During the high priesthood of Annas and Caiaphas, the word of God came.

It came not to the great Tiberius, son of Augustus, divine ruler of the Roman Empire in the power centers of Rome.

It did not come to Pilate busy keeping the peace between the Jewish religious authorities and the Roman occupiers in Jerusalem,

The word of God did not come to the Herod brothers, sons of Herod the Great up in Galilee, or even to Lysanias down in Abilene - not Kansas - but Lebanon, now known to us as Bekka Valley a flat, dry land with over 240 days of sun a year, boasting prize-winning vineyards near the Syrian border.

The word of God bypassed the religious leaders Annas and Caiaphas busy dealing in the backrooms with the Roman occupiers.

In the midst of all of this human power, political, economic, and religious power - with all of its trappings and its political intrigues, the word of God came.  Not to Rome, not even to Jerusalem.

Instead the word of God came down into the world to a lonely prophet wandering about in the wilderness.

As we think of John the Baptist, we see that all of us are called to be advocates for God’s justice in real and tangible ways.

We are and should be involved in acts of charity

  • our giving tree
  • monthly missions
  • Lunch with a Friend
  • Freezing Nights

Richard Foster writes, “We practice the social justice tradition when “we feed the hungry. We help the helpless.  We reach out to the orphan, the widow, the weak, the shoved aside.”

But let us not stop there.  Let us learn to become voices like John’s voice in our world.  Not only giving those less fortunate a hot lunch once a month, but asking the question of our elected officials, “In a country as wealthy as our own, why could over 35 million people not afford enough food for themselves and their families last year?

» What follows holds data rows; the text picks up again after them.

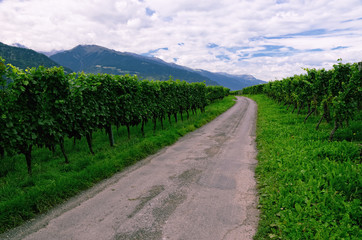 Vineyard in Rhine Valley, Switzerland, with Grapes Ripening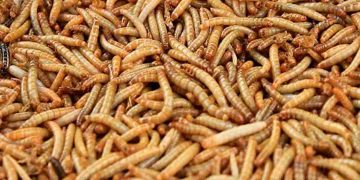 Sâu gạo- Nguồn dinh dưỡng vô tận của các sinh vật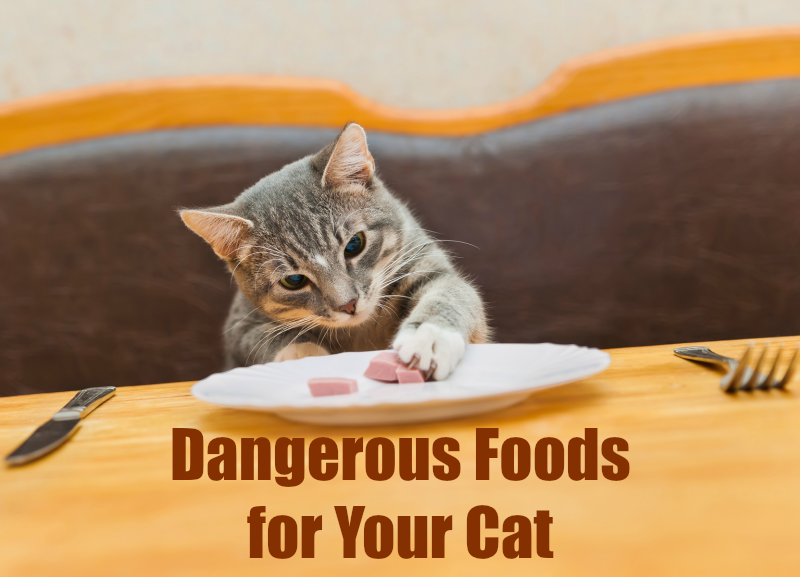 Dangerous Foods for Your Cat Pawsitively Pets
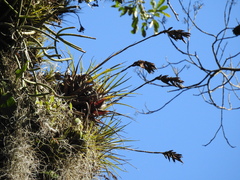 Vriesea flammea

As we open our church building to those who do not have a warm place to sleep at night, we should be asking our local officials, “Why are there no shelters in our community?  Why must those who are homeless travel to Tacoma to find a place to shower and a warm place to sleep?”

In both big ways and small ways, the voice of John the Baptist continues to call each one of us.  Standing at the banks of the river Jordan he cries out for us to stop and change direction. 

Sometimes bumper stickers can be better than any sermon could possibly preach.  I saw one recently that sums it all up well:

“Humankind:  be both!

God of comfort, hope and peace, as December days grow shorter and the nights grow longer, come quickly to our aching souls.  Prepare a new path in our tattered lives.  Turn us away from the mundane and meaningless.  Open our ears that we may hear your word, that with humble and repentant hearts we might look with joy to your advent among us.  Amen    


 

[i] Fred Craddock

[ii] Bill Clinton, September 11, 1998, Annual White House Prayer Breakfast Address.  Viewed at http://www.historyplace.com/speeches/clinton-sin.htm.

[iii] Quoted in Reformed Worship, Issue 65, September 2002, “Six Biblical Characters, Six Traditions of Faith: An Advent Series Based on Richard Foster’s Streams of Living Water.

[iv] Quoted in Reformed Worship, Issue 65, September 2002.